Samsung’s TV strategy with The Frame was a 0→1 bet on a lifestyle category, where differentiation and revenue came not only from hardware sales, but also from the Art Store and subscriptions. The mobile companion needed to make personalization effortless—browse art, create from photos, and set up with ease—so The Frame felt like home décor.
As the lead UX designer, I partnered with the lead visual designer and the TV platform UX team to bring the Art Mode experience to mobile, shipping within the existing TV companion app’s IA to meet an aggressive launch timeline.
Many of the core workflows and interaction patterns introduced in 2017 were later carried forward when Samsung migrated Art Mode into its flagship SmartThings app.
End-to-End UX
Information Architecture
Cross-functional Collaboration
Design Handoff & QA
Year
Samsung

Frame TV and the companion app promotion

TV mode switching

Companion app key experience: Photos curation, collage creation and art store browsing (left to right)
The Challenge
We had to deliver an art-forward experience inside an existing utility TV companion app—without fragmenting the ecosystem with a separate download. We also had to solve the second‑screen mental model: customers needed clear control, state, and confirmation between phone and TV, which required tight alignment across the Frame TV, core companion app, and engineering teams to ship one coherent cross‑device interaction system.
Ecosystem simplicity
One companion app, multiple mental models
Phone attention vs.

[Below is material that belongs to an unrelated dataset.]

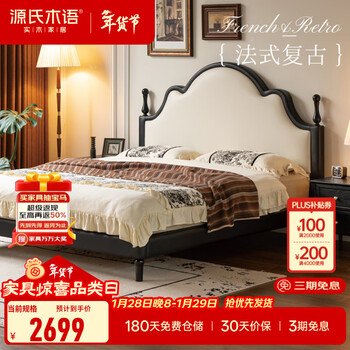 Genji muyu ecological cloud leather bed french retro master bedroom large bed fabric upholstered bed small apartment full-edge double bed ecological cloud leather 1.8*2m chrysanthemum white + black mat not included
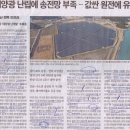 한빛9태양광발전소 이미지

TV outcome
Clarity of control, state, and confirmation between phone and TV
Cross-team delivery
Align teams on shared interaction rules and scalable platform decisions
The Approach
Partnered with TV platform UX to translate Art Mode for mobile and identify mobile-native opportunities.
Aligned with the companion app team on when to reuse existing patterns vs. introduce new ones—protecting user mental models while keeping the platform scalable.
Key Design Decisions
1 - Separate mindsets inside one app
Integrating Frame TV into Samsung’s existing companion app required clear navigation + IA that separates utility controls from Art Mode creation—because users come in with different intentions within a single app.

Outcomes
Shipped the Cross-Device Experience
Shipped Frame Mobile app as part of the Frame TV launch, enabling browsing, mobile-to-TV photo setup, and preview workflows that supported the “TV as décor” positioning.
Contribute to product bet validation
Frame TV later proved strong market demand for the lifestyle category (Samsung reported >1M units sold by 2021), validating the broader product bet.